Save me from respectable people

[Text and picture by Mayank Austen Soofi]

Not long ago, a particular breed of Delhiwallas went to Goa to escape the rush hours of urban living. But now as the middle classes begin to feel the pinch of rising airline ticket costs and food inflation, they have jettisoned the idea of flying, and returned to that traditional holiday hotspot - the humble, not so idyllic anymore, hill station.

So I too, pushed by the two-digit inflation, hit upon the idea of Nainital for a weekend getaway. There I discovered that the entire lake town appeared to have been invaded by Delhiwallas.

Most cars had Delhi number plates. No longer the retreat of the sahebs and the memsahibs, the Delhi's lelenge-dedenge lingo from one end of Mall Road to the other echoed in the misty air. Men with huge paunches and hanging chests wore tight tee-shirts (just as they do in Preet Vihar's malls) while their bosomy women blinded my eyes with Christmassy sarees, look-I'm-on-holiday straw hats, and cameras in place of mangalsutras. And then there were the children, playful, screaming and greedy for goodies.

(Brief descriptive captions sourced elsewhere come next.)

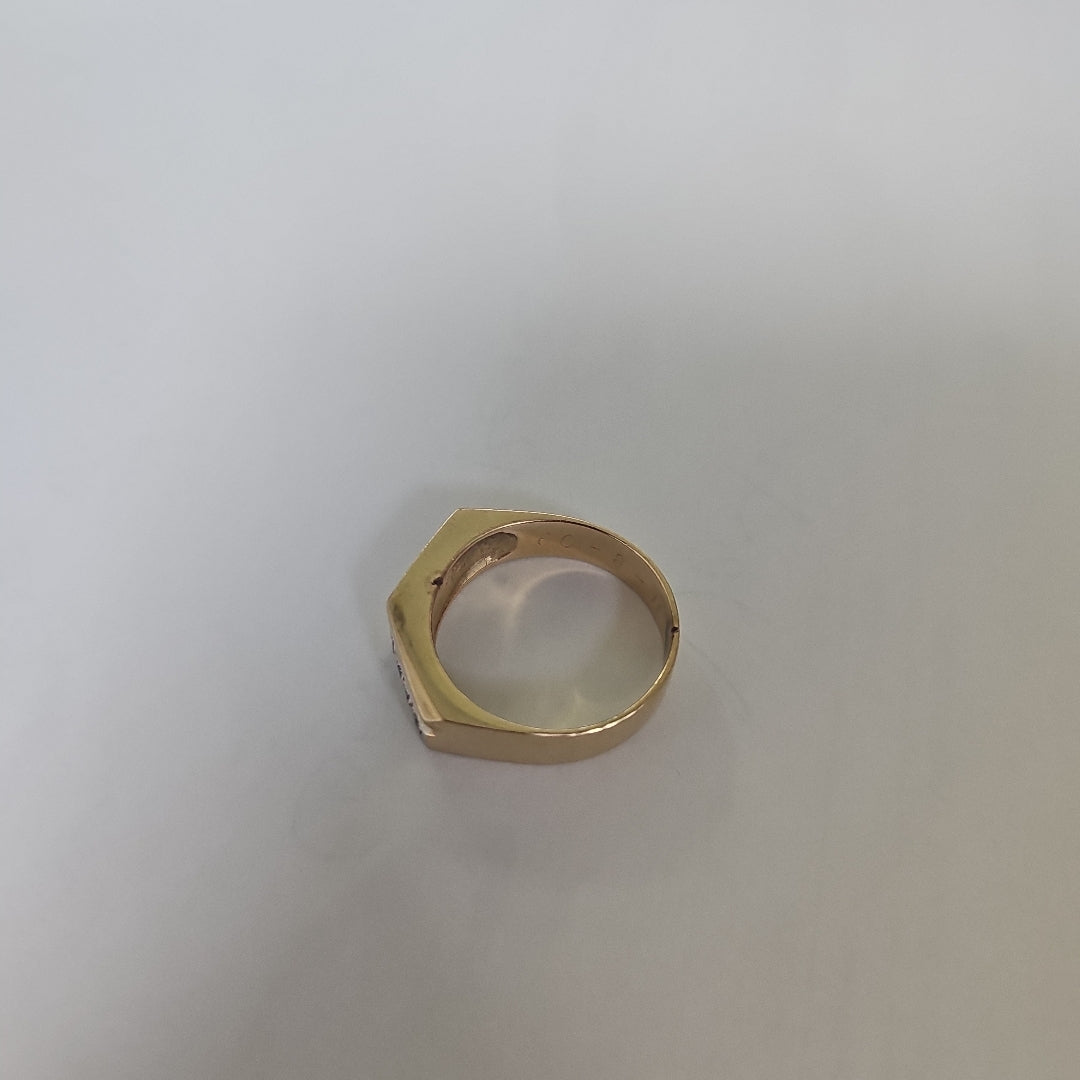 ANILLO ORO 14 K 8 GRMS (SEMINUEVO)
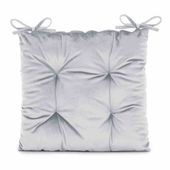 CHAIRCUSHION/AH/ALEKSA/SILVER/40X40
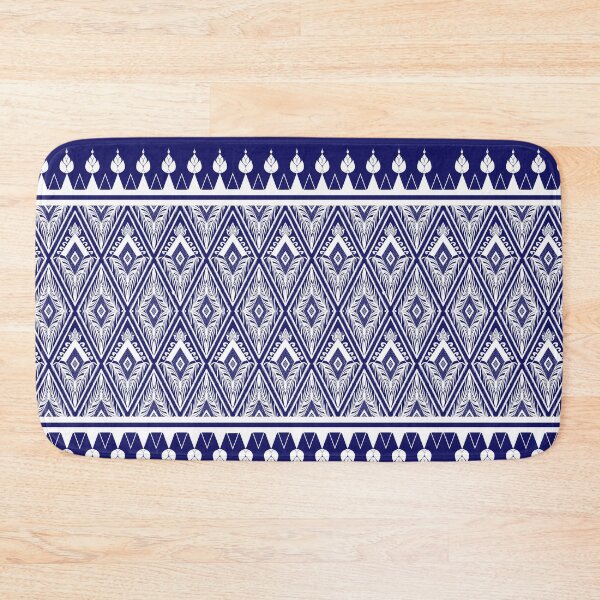 Item preview, Ethnic seamless pattern traditional Design for clothing,background,carpet,wallpaper,wrapping,Batik,fabric,Vector illustration.embroidery style. designed and sold by Chamaiporn Pangtorn.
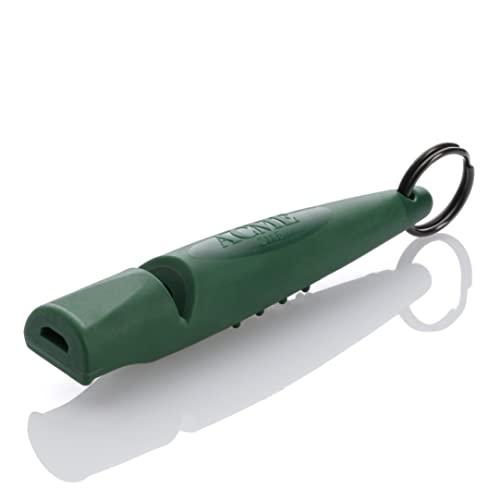 ACME Alpha 210.5 Professional Dog Training Whistle with Enhanced Ergonomic Grip. BPA-Free Plastic...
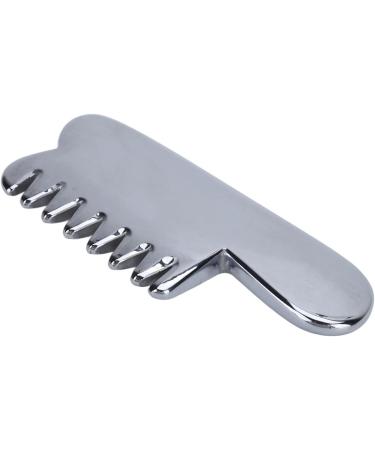 Verdant Touch Terahertz Massage Comb | V Face Care | Lightweight Portable Natural Energy Stone Shaving Comb - Buy Online on GoSupps.com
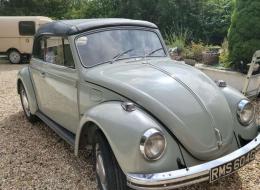 Volkswagen Coccinelle 1500 Cabriolet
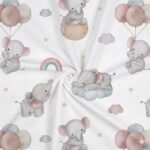 Popeline Elefantaes e Arco Íris - Image 2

Little did I know when I planned the trip, that I would find myself surrounded by the regular middle class people of Delhi, the izzatdar species, whom I have adroitly managed to avoid in the Capital. You see, I never dreamed of a moustache, a paunch, a permanent job, an overgrown wife, irksome children etc.

OK, in their defence, this chunk of the society is perhaps good for the economy and TV ratings. But spare me please. There is something about the middle class that stifles the imagination.

So it was unreal to be a part of this parivaar scene in Nainital. You had no escape.

In Delhi, there are hideouts where one can get away with anonymity. It is easy to patronise eccentric bookshops that stock no Sidney Sheldon, no Chetan Bhagat; thronged by booklovers living lives such as Anna Karenina's or Raskonlikov's. Or the seedy gardens where shy lovers trying to make the most of their privacy. Or just ramble around among the old Delhi beggars. A walk in the decidedly non-middle class GB Road, the city's red-light district, can also do the trick.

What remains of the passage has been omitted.